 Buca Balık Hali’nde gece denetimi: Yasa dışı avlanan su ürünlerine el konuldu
********
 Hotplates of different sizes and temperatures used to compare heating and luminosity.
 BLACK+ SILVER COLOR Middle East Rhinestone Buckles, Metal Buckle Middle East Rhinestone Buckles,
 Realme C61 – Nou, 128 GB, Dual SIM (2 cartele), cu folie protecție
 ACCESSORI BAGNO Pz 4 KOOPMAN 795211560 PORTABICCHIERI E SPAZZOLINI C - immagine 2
********
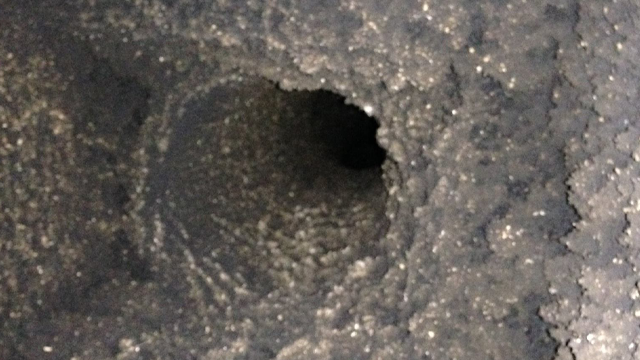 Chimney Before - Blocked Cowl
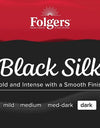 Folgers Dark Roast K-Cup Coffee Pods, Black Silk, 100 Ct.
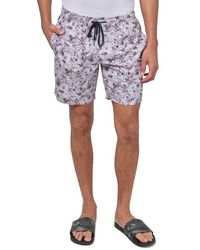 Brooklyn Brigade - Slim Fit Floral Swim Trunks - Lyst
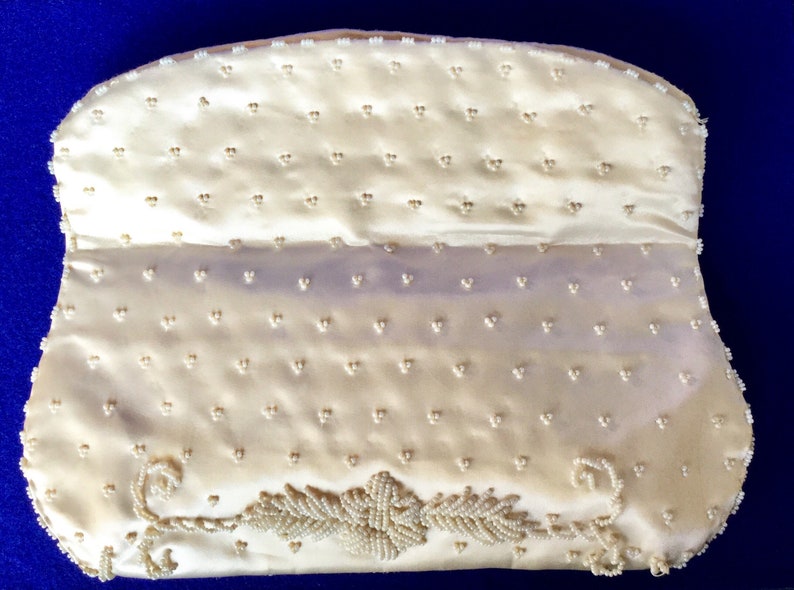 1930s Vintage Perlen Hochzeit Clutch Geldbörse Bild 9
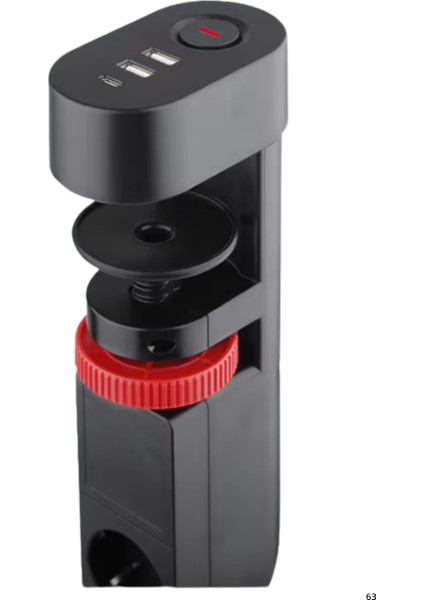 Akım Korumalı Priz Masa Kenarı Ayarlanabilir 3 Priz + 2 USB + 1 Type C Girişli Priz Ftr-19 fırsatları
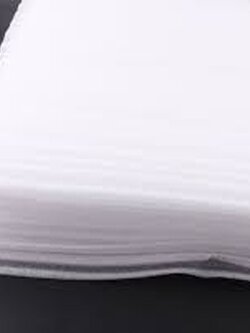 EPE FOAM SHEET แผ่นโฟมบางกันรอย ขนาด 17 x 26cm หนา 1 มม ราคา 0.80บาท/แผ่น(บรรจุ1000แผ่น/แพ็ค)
********
Problem to solve: Everything from the line with "Folgers Dark Roast" through the line with "EPE FOAM SHEET" in the material above should be transcribed exactly, except the pictures.

Solution for this exercise:
 Folgers Dark Roast K-Cup Coffee Pods, Black Silk, 100 Ct.
 Brooklyn Brigade - Slim Fit Floral Swim Trunks - Lyst
 1930s Vintage Perlen Hochzeit Clutch Geldbörse Bild 9
 Akım Korumalı Priz Masa Kenarı Ayarlanabilir 3 Priz + 2 USB + 1 Type C Girişli Priz Ftr-19 fırsatları
 EPE FOAM SHEET แผ่นโฟมบางกันรอย ขนาด 17 x 26cm หนา 1 มม ราคา 0.80บาท/แผ่น(บรรจุ1000แผ่น/แพ็ค)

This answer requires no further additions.